> _DIRECTIONS_: The lines from the top of the records below through the one containing "Used 2005 Kia Spectra5 image 7" are to be transcribed exactly, and nothing else is to be added.

>>>>>

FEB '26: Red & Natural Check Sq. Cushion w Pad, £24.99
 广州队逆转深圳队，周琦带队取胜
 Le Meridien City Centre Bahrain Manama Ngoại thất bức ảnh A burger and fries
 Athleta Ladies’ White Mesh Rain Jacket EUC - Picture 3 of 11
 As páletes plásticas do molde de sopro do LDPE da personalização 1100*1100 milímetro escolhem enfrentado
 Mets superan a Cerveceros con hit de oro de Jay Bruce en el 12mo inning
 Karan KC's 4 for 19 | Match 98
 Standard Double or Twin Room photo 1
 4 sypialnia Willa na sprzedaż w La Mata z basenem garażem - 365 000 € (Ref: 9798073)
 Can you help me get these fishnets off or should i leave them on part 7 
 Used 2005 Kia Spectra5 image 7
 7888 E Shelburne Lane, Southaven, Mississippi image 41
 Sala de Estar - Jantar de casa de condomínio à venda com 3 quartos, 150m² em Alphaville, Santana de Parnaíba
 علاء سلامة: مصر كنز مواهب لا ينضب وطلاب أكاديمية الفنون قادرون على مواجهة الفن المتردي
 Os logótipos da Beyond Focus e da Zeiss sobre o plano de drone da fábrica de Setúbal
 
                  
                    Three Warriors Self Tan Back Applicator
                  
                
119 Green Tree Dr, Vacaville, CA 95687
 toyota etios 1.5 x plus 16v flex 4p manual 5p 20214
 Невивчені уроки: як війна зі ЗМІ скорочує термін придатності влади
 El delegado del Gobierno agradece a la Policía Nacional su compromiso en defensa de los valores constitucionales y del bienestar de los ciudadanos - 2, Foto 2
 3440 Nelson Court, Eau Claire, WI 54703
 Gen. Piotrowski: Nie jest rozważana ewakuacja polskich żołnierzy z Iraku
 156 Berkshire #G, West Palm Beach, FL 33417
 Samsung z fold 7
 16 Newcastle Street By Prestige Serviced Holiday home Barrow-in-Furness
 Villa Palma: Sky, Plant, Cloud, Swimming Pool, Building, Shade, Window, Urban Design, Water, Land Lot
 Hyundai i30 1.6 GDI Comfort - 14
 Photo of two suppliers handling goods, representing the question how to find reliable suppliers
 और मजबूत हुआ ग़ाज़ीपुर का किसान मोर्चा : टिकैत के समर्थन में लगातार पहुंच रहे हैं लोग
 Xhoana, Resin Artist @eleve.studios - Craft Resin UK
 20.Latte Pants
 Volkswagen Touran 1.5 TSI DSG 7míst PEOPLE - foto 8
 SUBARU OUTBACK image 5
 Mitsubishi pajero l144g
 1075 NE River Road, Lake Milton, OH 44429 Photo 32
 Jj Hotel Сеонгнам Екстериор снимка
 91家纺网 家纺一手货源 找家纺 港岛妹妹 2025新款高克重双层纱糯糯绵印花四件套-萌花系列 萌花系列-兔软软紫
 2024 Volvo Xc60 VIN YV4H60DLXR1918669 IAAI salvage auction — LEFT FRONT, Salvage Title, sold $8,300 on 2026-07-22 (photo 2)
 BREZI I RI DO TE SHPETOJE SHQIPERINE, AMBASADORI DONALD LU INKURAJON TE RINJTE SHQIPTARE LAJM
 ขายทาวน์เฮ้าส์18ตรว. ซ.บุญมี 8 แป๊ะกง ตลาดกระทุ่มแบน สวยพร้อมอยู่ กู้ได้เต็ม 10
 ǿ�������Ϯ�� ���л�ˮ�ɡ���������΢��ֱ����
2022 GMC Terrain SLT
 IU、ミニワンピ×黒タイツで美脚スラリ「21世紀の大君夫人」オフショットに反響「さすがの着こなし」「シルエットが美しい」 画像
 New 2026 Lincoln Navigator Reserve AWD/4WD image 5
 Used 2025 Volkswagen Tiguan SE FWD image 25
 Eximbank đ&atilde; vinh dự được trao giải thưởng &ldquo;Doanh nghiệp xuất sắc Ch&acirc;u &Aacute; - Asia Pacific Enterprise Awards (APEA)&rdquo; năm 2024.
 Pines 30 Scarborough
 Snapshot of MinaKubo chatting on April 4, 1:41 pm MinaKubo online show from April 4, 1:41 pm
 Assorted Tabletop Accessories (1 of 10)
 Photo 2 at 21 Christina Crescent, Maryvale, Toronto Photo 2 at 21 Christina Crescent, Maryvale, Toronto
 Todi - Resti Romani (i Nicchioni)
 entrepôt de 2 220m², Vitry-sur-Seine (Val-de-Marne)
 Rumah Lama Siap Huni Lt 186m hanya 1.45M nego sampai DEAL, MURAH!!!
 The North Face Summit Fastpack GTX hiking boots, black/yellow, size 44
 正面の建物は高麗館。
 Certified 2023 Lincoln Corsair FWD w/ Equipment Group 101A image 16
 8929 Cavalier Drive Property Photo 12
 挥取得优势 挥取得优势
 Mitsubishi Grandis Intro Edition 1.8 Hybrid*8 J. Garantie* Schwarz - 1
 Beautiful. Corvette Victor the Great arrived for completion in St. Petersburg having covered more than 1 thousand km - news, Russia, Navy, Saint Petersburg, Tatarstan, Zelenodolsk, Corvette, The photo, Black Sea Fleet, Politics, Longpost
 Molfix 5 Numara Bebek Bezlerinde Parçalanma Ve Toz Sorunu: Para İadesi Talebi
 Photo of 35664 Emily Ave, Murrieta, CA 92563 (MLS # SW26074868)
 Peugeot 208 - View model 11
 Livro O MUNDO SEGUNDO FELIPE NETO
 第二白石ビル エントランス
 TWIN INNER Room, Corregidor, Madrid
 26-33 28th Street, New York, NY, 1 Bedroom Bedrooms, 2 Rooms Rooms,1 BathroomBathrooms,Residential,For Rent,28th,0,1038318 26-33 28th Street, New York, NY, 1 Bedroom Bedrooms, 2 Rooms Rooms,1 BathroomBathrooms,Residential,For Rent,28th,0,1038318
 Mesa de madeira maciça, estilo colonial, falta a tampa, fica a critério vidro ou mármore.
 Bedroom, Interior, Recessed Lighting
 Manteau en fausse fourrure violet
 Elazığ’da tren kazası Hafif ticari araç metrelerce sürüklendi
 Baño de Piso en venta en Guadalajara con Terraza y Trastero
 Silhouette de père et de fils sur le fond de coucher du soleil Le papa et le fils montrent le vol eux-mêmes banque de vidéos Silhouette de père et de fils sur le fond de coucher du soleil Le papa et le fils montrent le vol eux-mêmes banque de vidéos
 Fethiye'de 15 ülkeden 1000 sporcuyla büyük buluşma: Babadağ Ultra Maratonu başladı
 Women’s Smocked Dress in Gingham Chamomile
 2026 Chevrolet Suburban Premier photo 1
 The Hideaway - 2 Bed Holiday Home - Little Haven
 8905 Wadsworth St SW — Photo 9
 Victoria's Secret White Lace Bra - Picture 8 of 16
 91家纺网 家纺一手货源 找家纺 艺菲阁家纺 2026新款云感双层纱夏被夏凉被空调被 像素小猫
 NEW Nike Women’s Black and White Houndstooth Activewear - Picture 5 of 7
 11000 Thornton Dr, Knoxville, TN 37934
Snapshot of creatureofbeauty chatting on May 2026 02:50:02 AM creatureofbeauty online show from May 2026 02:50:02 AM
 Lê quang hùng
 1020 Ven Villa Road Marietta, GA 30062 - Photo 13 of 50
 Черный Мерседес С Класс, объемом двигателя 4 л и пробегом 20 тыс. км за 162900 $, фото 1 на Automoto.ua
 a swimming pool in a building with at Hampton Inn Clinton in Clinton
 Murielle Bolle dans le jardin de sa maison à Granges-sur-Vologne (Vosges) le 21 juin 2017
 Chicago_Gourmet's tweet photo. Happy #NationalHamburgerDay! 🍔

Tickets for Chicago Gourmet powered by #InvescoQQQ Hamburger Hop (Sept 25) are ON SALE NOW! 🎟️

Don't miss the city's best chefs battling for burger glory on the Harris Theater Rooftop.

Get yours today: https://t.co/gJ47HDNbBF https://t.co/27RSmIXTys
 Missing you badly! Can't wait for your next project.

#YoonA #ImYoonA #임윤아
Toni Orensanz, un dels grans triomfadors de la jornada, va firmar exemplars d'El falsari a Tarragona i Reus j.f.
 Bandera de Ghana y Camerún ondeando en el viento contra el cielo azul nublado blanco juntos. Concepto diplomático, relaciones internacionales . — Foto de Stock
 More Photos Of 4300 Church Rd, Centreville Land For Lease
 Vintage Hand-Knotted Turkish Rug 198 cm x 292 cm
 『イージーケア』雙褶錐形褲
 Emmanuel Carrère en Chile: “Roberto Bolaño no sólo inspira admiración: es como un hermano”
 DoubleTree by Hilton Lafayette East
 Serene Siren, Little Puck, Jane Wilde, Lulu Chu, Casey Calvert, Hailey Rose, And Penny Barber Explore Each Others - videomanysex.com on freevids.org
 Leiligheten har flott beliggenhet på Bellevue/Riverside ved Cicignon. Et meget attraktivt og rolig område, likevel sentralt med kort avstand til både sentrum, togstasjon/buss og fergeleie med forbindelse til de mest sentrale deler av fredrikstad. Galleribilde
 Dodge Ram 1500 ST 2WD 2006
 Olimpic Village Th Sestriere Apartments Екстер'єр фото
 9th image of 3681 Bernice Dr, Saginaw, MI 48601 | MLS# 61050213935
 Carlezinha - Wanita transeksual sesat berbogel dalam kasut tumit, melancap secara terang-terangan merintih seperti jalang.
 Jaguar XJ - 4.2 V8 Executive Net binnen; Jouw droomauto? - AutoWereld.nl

<<<<<

> _OUTPUT_:
FEB '26: Red & Natural Check Sq. Cushion w Pad, £24.99
 广州队逆转深圳队，周琦带队取胜
 Le Meridien City Centre Bahrain Manama Ngoại thất bức ảnh A burger and fries
 Athleta Ladies’ White Mesh Rain Jacket EUC - Picture 3 of 11
 As páletes plásticas do molde de sopro do LDPE da personalização 1100*1100 milímetro escolhem enfrentado
 Mets superan a Cerveceros con hit de oro de Jay Bruce en el 12mo inning
 Karan KC's 4 for 19 | Match 98
 Standard Double or Twin Room photo 1
 4 sypialnia Willa na sprzedaż w La Mata z basenem garażem - 365 000 € (Ref: 9798073)
 Can you help me get these fishnets off or should i leave them on part 7 
 Used 2005 Kia Spectra5 image 7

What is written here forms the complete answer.